Les Groupements patronaux refusent un financement ad hoc. Un opposant a lapidairement justifié son non : « Les divorces, les enfants à charge, la vie privée, ça ne me regarde pas. Donc je ne paie pas« .
Précarité
L’économie, loin d’être indifférente à l’évolution des mœurs, a vite compris les avantages qu’elle pourrait en tirer. Les statistiques révèlent une croissance étonnamment rapide des contrats à durée déterminée, des emplois précaires ou sur appel. Les employeurs qui y recourent, là, ne sont pas trop “regardants”.

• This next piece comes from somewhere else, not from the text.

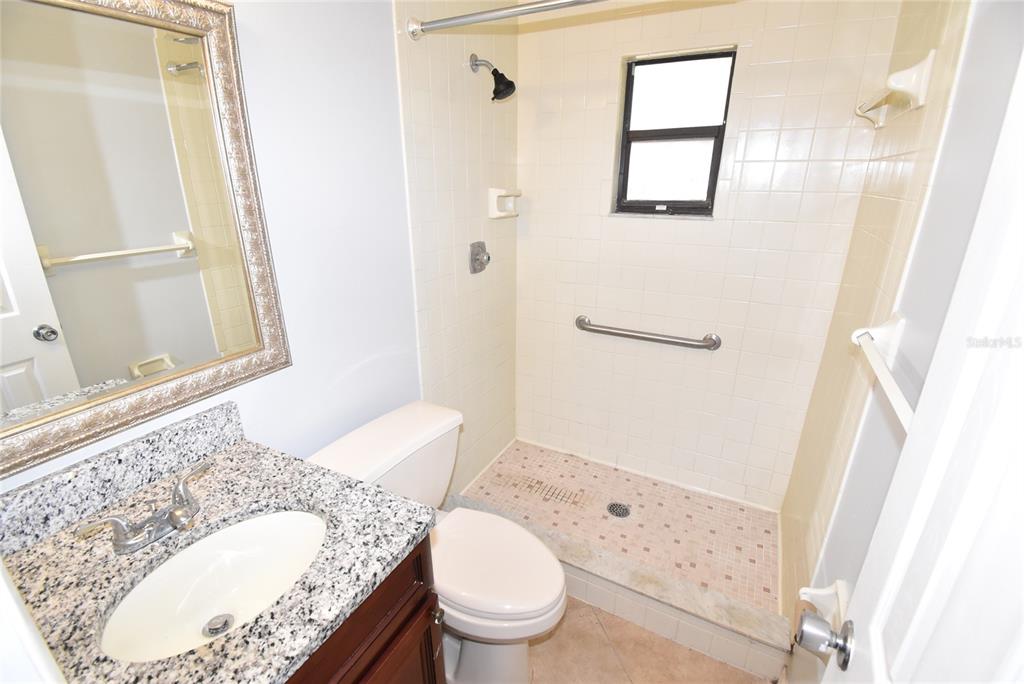 7615 Karen Drive Port Richey, FL 34668 - Photo 13 of 24 a bathroom with a granite countertop sink toilet and shower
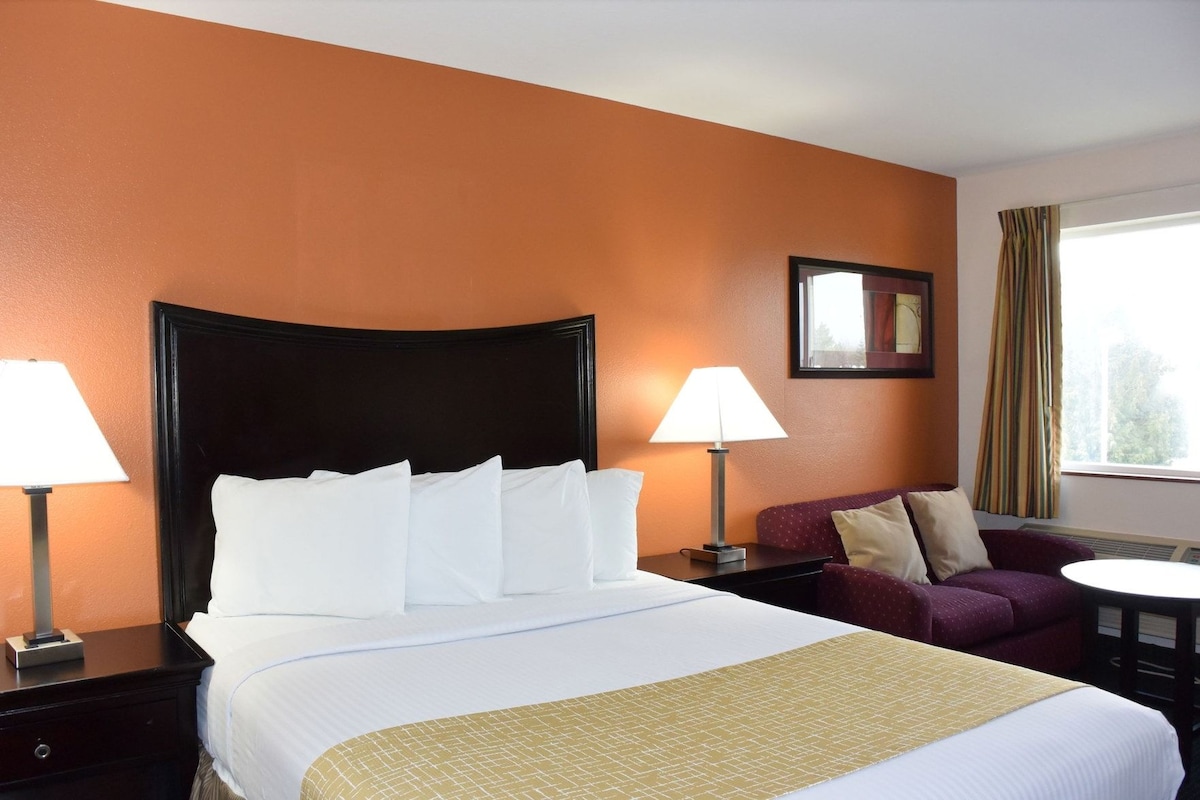 A hotel room with a large bed, two bedside lamps, a small table, a purple armchair, and a window with curtains.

Toute économie baigne dans une société originale à la culture et aux mœurs particulières. Elle doit tenir compte de la qualité de la formation, de l’organisation de la solidarité, de la place faite aux inadaptés du travail productif. C’est cultiver une illusion que de croire, ou de faire croire, à une séparation absolue des tâches : les uns qui créent, gèrent, assurent les emplois, les autres qui s’occupent du filet social.
La LPCFam n’est pas un joujou social. Elle n’est pas une fantaisie, une bonne conscience qu’on se donne au prix d’un impôt nouveau de 0.06% payé par les salariés et les employeurs. Elle rappelle que l’économie ne peut faire bande à part. Ce que rappelle la LPCFam, qui valorise le travail et permet à qui l’exerce de jouir d’une plus grande disponibilité.
Externalité
Les référendaires, loin de combattre un nouveau “machin”, reprennent, dans une campagne publicitaire de très mauvaise qualité, les attaques contre les charges sociales, comme si elles étaient des fardeaux inutiles. Ils citent comme charge supplémentaire intolérable des mesures qu’ils ont pourtant approuvées, tel l’assainissement de l’assurance-invalidité. Ils s’opposent à ce que l’Etat et le fisc réduisent les disponibilités du contribuable, mais combattent la valorisation du travail pour les ménages au seuil de pauvreté.
L’évolution profonde de la société aurait été l’occasion de réexaminer dans une perspective sociologique et économique les nouvelles conditions du travail. En abaissant le débat à des slogans anti-fiscaux, dans le style de l’UDC ou de l’ancien “sou” du contribuable, on se limite à un anti-étatisme vulgaire.